Work instructions: Within the entries below, the lines from the one with "Mug Chats de" through the one with "Air Jordan 1" are to be set down exactly, both ends kept.

Data to process:
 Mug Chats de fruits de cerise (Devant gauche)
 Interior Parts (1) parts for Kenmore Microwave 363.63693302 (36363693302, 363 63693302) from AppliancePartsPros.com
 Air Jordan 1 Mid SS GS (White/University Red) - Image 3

---

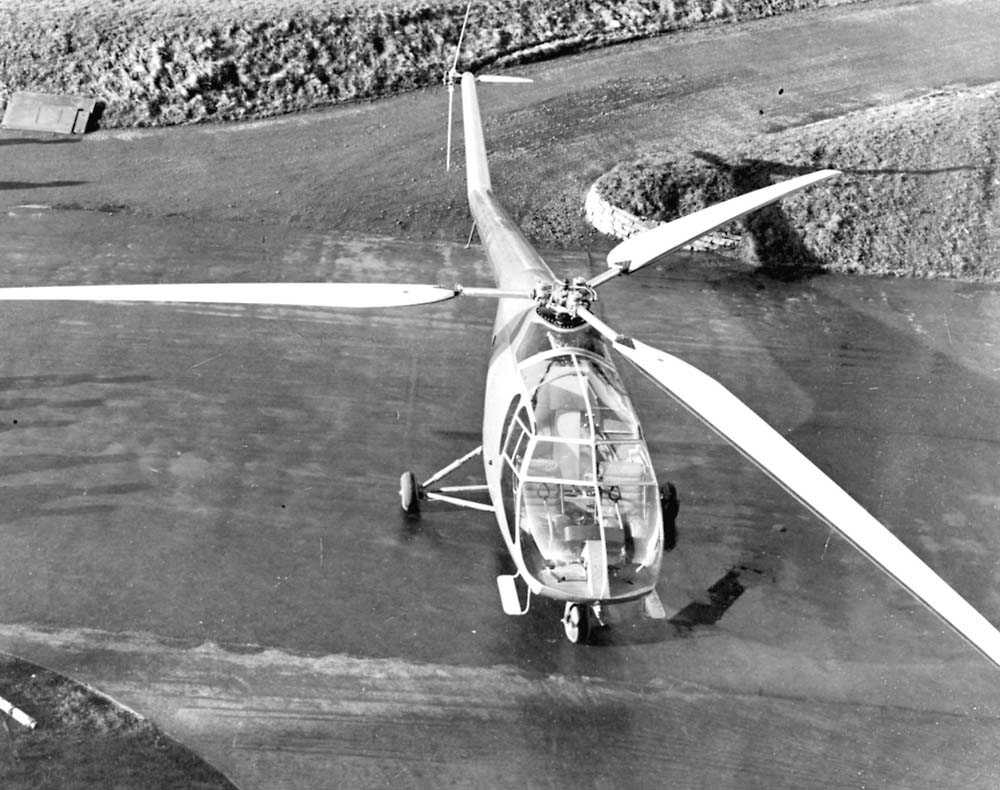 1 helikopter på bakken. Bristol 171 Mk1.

Task result:
 Mug Chats de fruits de cerise (Devant gauche)
 Interior Parts (1) parts for Kenmore Microwave 363.63693302 (36363693302, 363 63693302) from AppliancePartsPros.com
 Air Jordan 1 Mid SS GS (White/University Red) - Image 3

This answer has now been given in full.